Jabjo, have you tried writing your feelings out for him to read in a letter? I feel very fortunate that I knew both of my parents loved us kids very much and both were quite willing to tell us. Mom died last January, but dad is still here and we never ring off without telling each other that we love one another. My kids and I do the same thing.
Sometimes, though, after I moved away for ten years and came back, I think my mother tried too hard or wasn't quite sure how to be with her all-grown up *baby*. I was a little uncomfortable, sometimes, when she would express her feelings, in person. She was raised fairly Victorian and I think some of that came to the forefront in her last couple of years. She and I began to communicate better by telephone and in writing than when together. We would talk for hours about the most profound subjects, death, god, religion, spirituality, politics, history, family dynamics, etc. She was always full of praise for me and saved the letters I wrote to her.

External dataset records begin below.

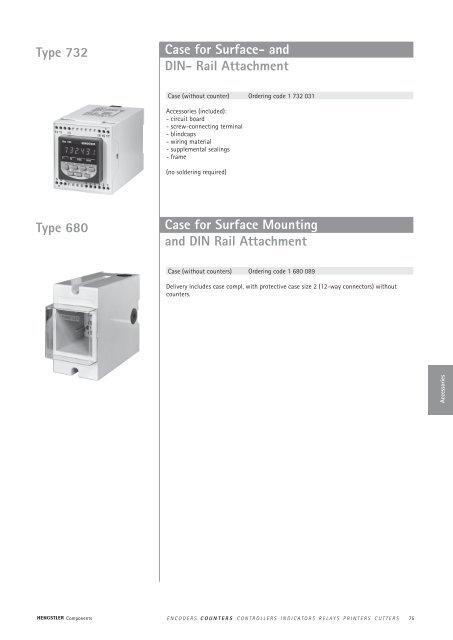 Totalizing Counters - Hengstler GmbH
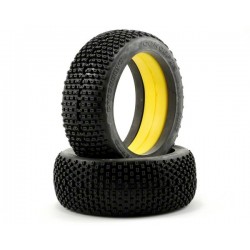 JConcepts Crossbows 1/8th Buggy Tires (Yellow) (2)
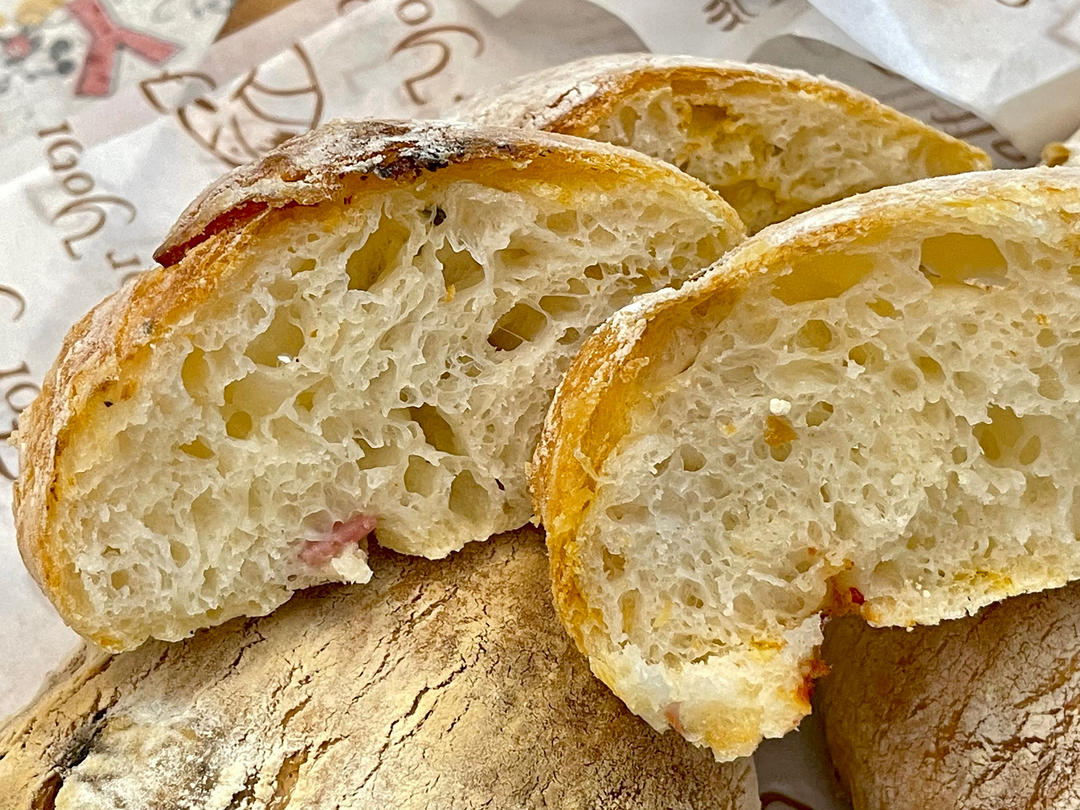 【ciabatta】家庭版恰巴塔，软乎乎的拖鞋面包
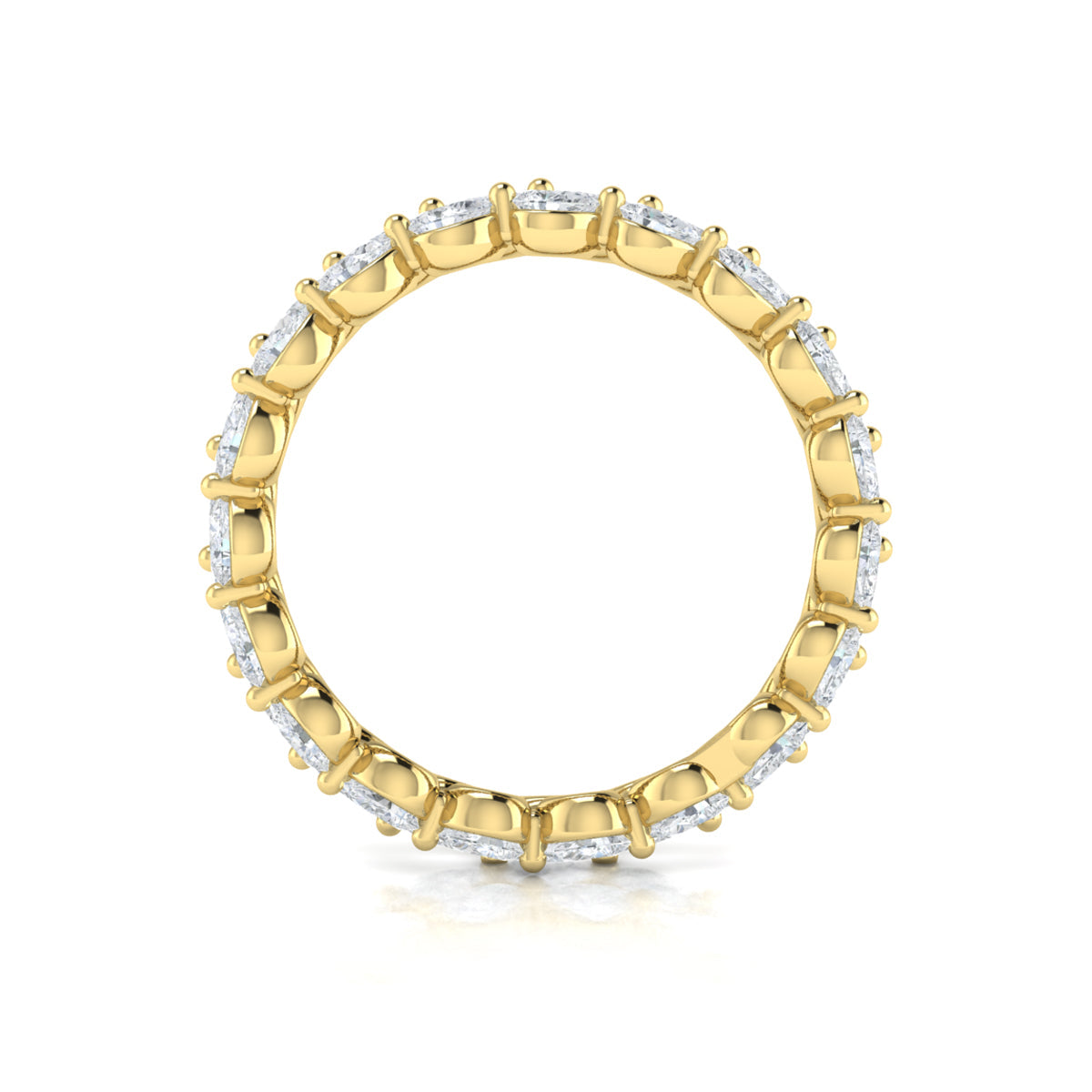 14kt Yellow Gold 2.28ct Diamond Eternity Wedding Band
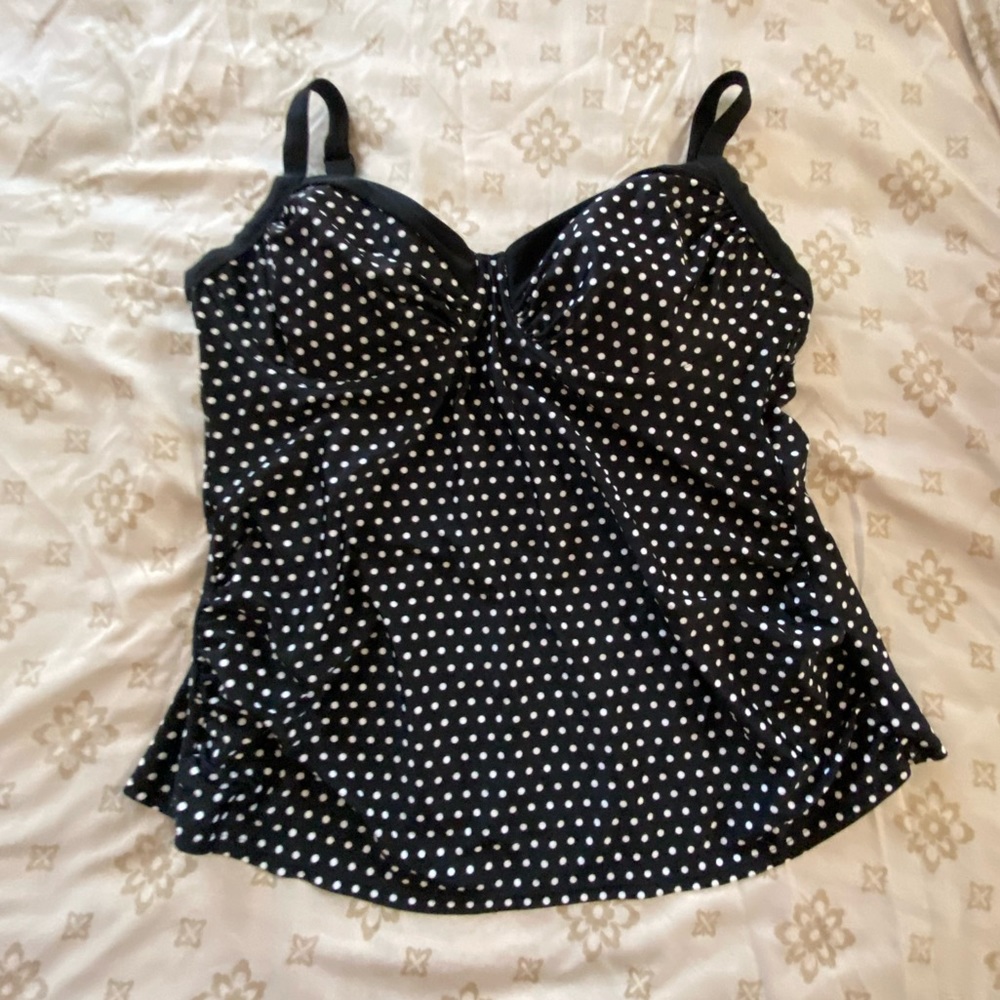 Plus size swim top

When I started writing my columns for real, she became my sounding board, hearing and critiquing every one of them before they went to print. The hardest thing I ever had to write and that she never got to read, but which I am proudest of, was her obituary. While I am content in knowing that she and I made peace and said most of the things we needed to to one another, I still would give anything to have had her here this weekend just to share the momentous events of New Years. She would have loved it.
I guess what I am trying to say is, try....if you can't say it, write it. If you can't bring yourself to send it, put it away for a few days, get it out and reread it, then send it or change it, but just do your best to communicate. If he is able, he will respond; if not, you will know that you did your best.